Required work »
Print the lines from the one containing "Bolsa plegada para almacenamiento compacto" through the end of the material below, both included, exactly as they appear and without pictures.

Data under study »
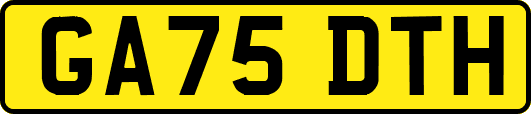 GA75DTH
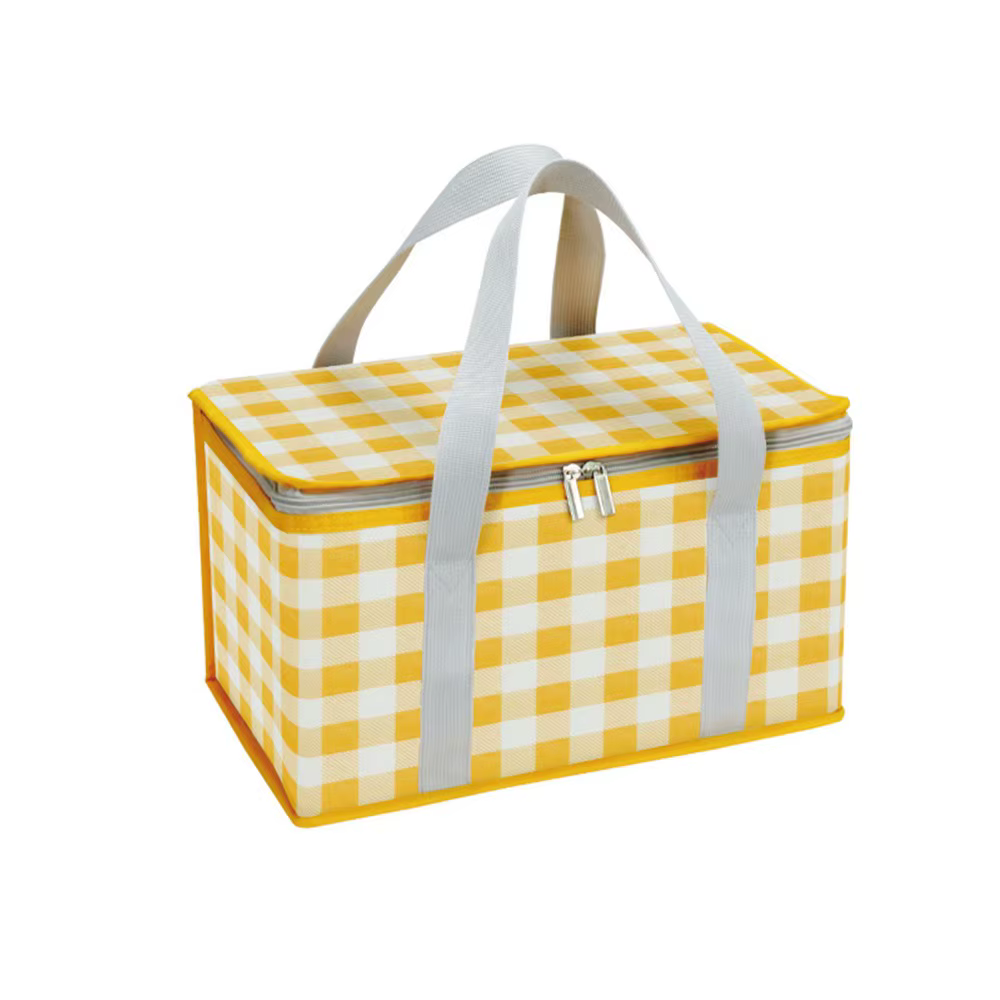 Bolsa plegada para almacenamiento compacto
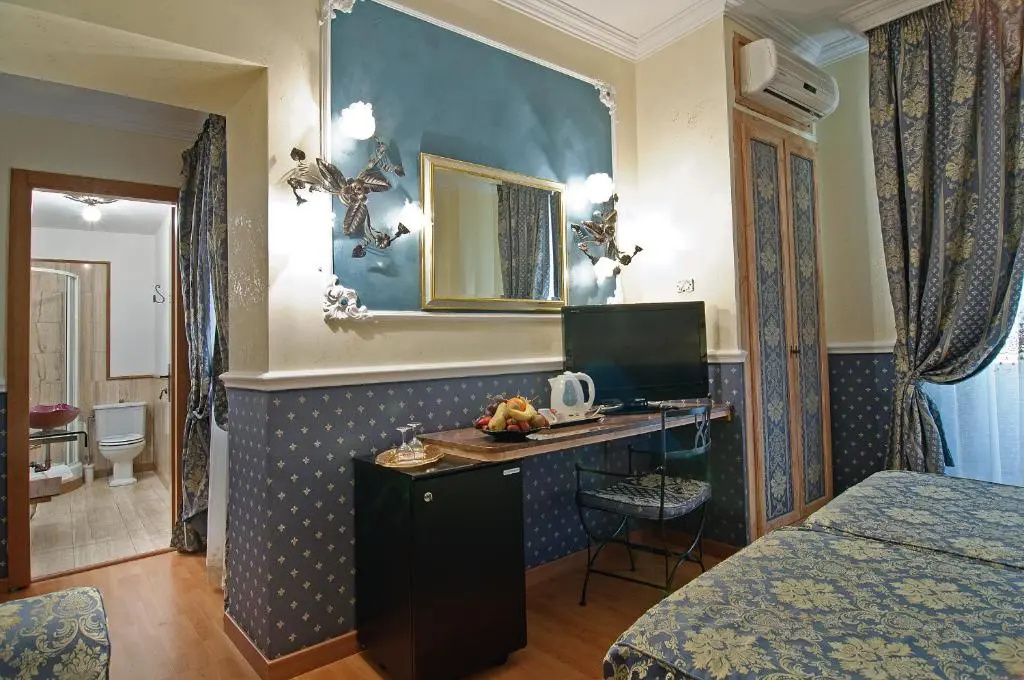 Residenza Antica Roma - Chambres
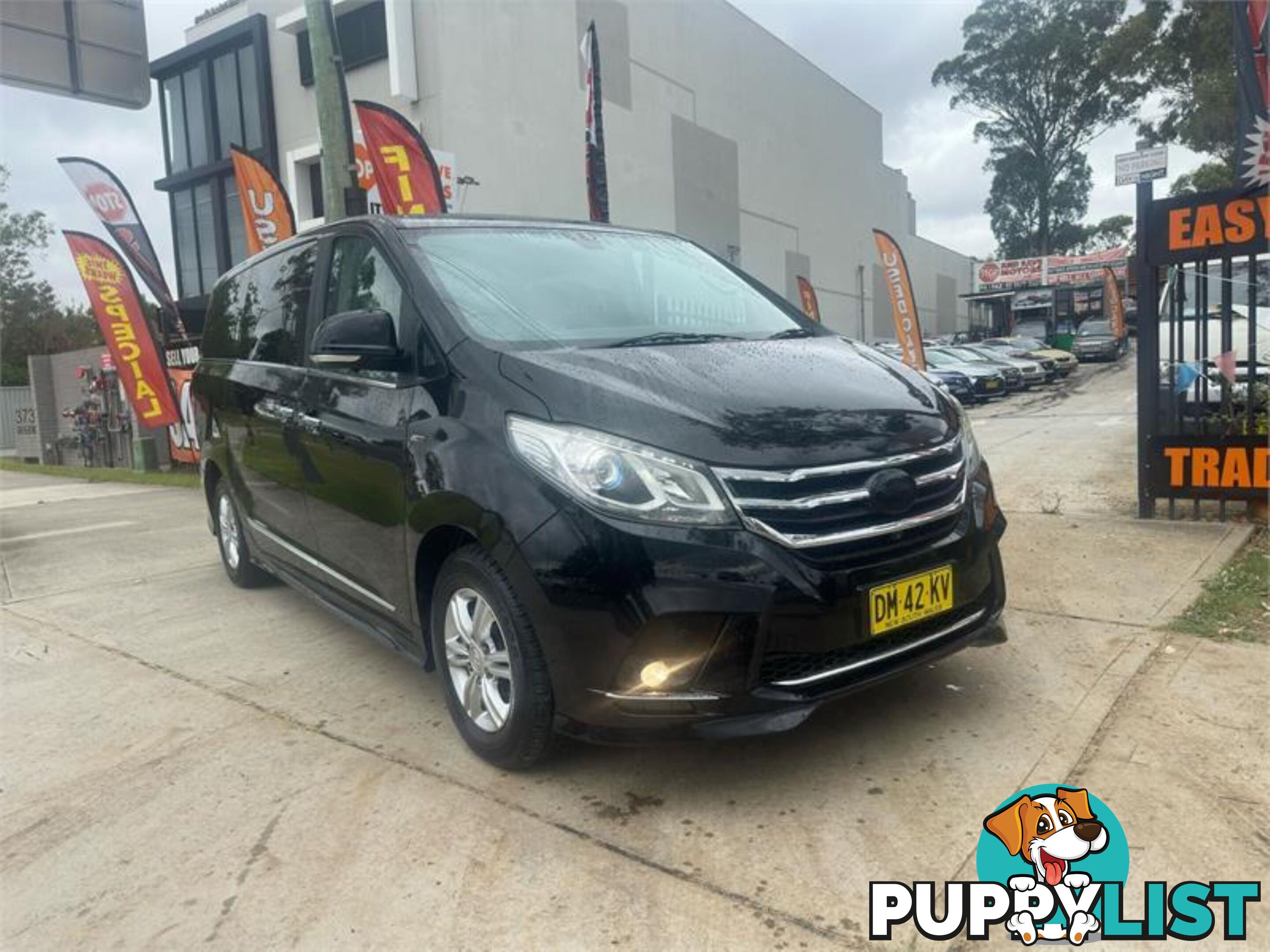 2019 LDV G10 EXECUTIVE(7SEATMPV) SV7A 4D WAGON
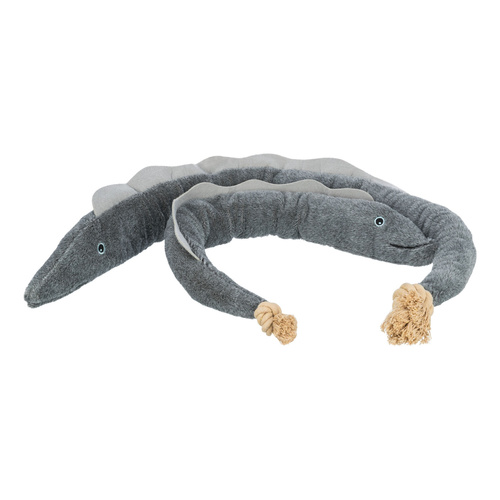 Trixie BE NORDIC Węgorz Karl plusz sznurek zabawka dla psa 94cm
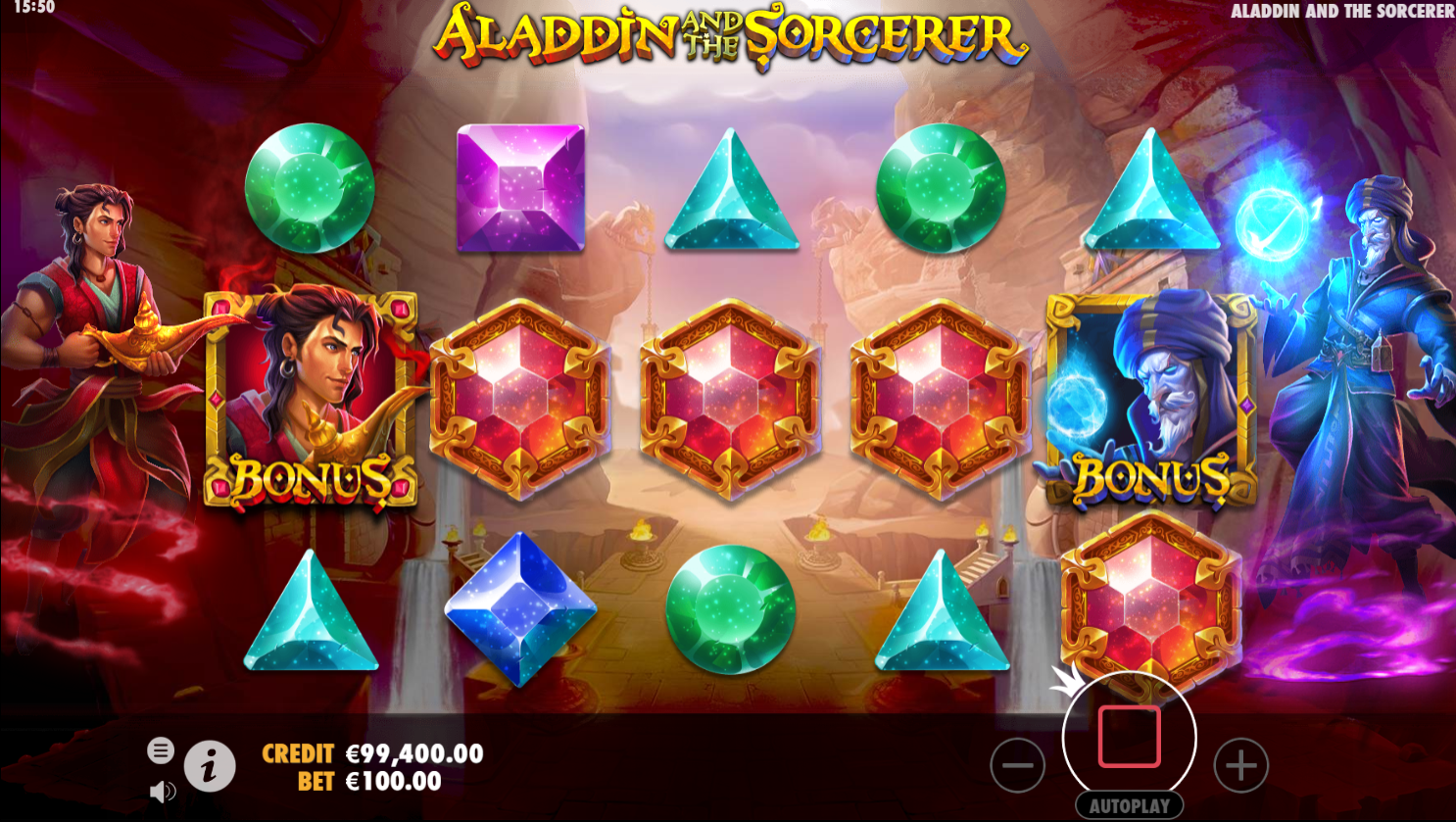 Aladdin and The Sorcerer Game Image #2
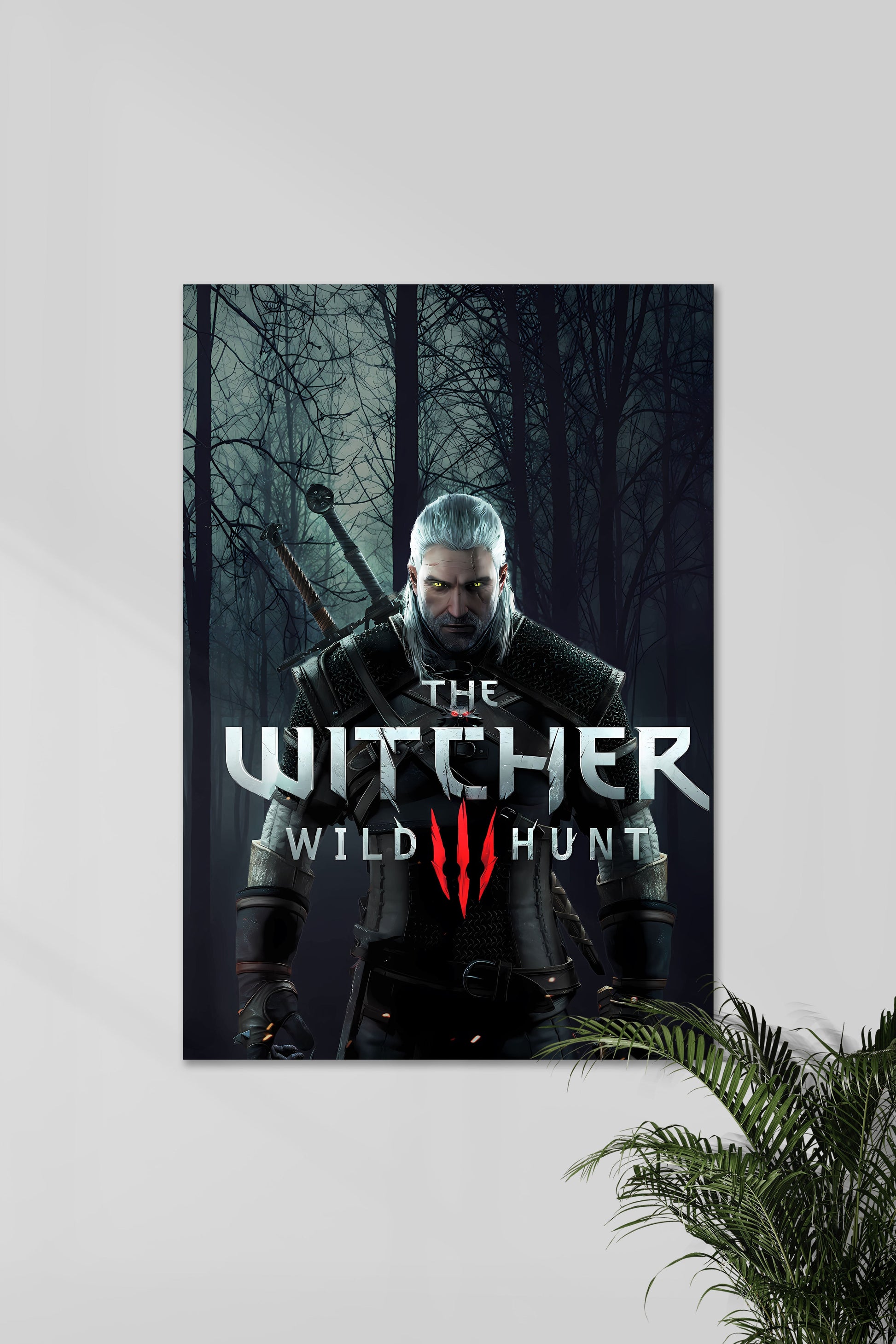 THE WITCHER WILDHUNT | Muurdecoratie | Wanddecoratie Posters | Game Kunst | Huis en Tuin Decoratie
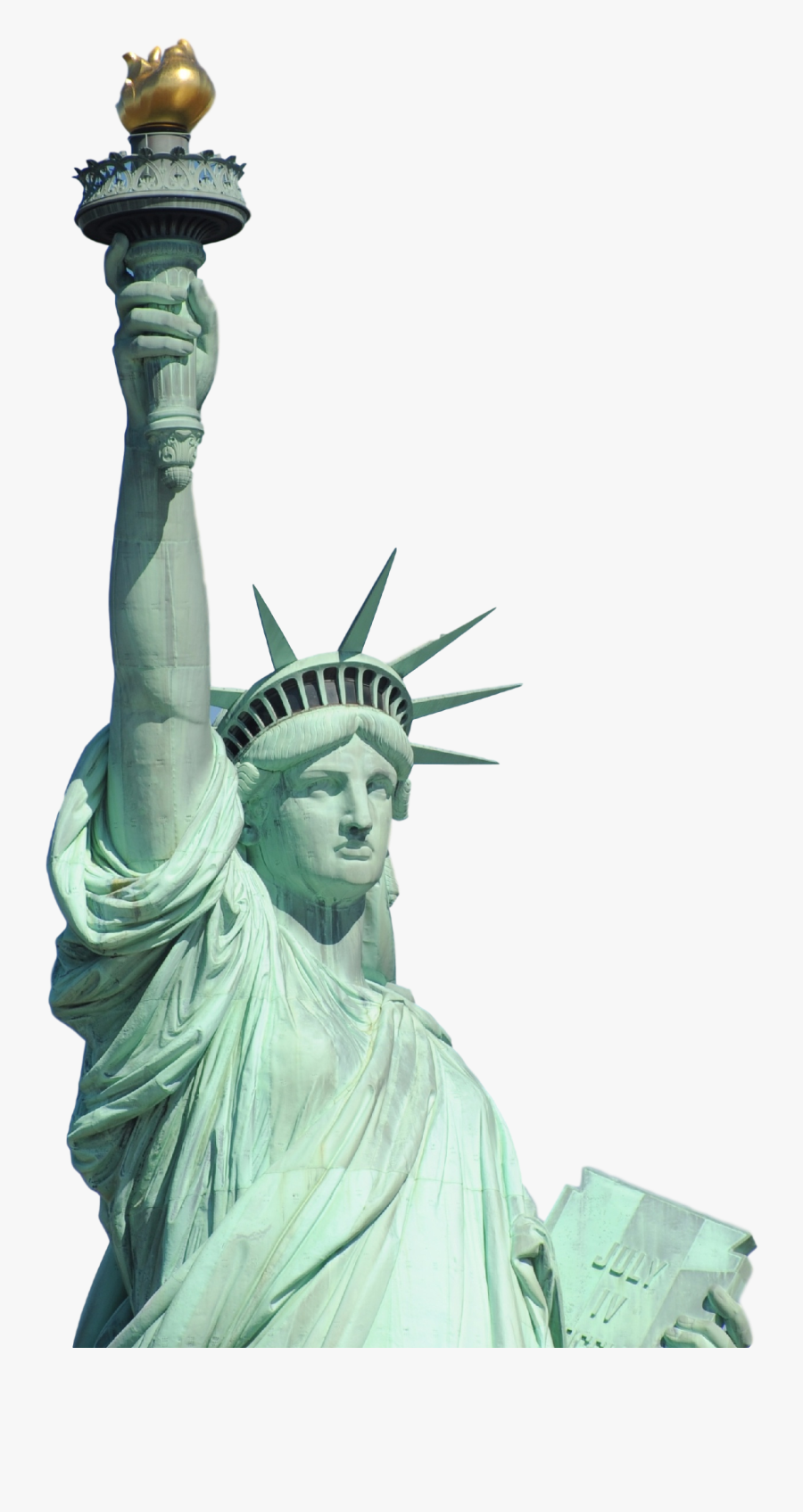 Statue Of Liberty Png Image - Statue Of Liberty Png Transparent, Transparent Clipart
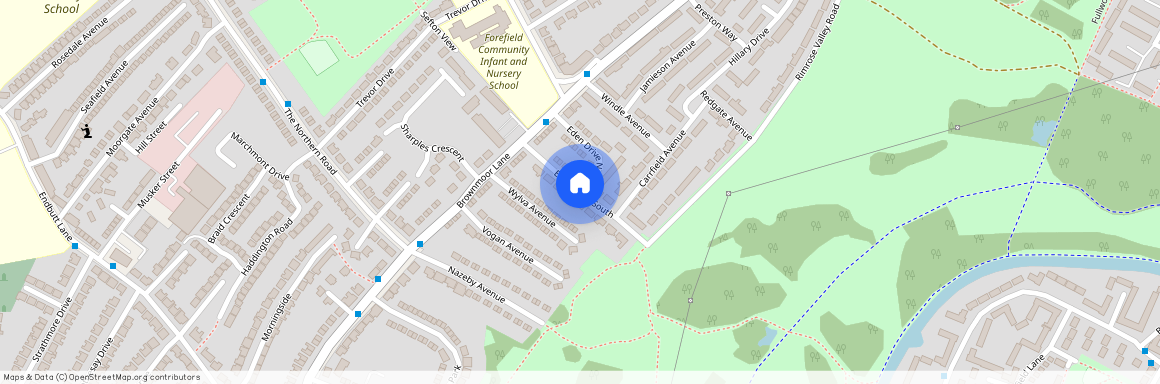 Eden Drive South, Liverpool, L23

Solved exercise »
 Bolsa plegada para almacenamiento compacto
 Residenza Antica Roma - Chambres
 2019 LDV G10 EXECUTIVE(7SEATMPV) SV7A 4D WAGON
 Trixie BE NORDIC Węgorz Karl plusz sznurek zabawka dla psa 94cm
 Aladdin and The Sorcerer Game Image #2
 THE WITCHER WILDHUNT | Muurdecoratie | Wanddecoratie Posters | Game Kunst | Huis en Tuin Decoratie
 Statue Of Liberty Png Image - Statue Of Liberty Png Transparent, Transparent Clipart
 Eden Drive South, Liverpool, L23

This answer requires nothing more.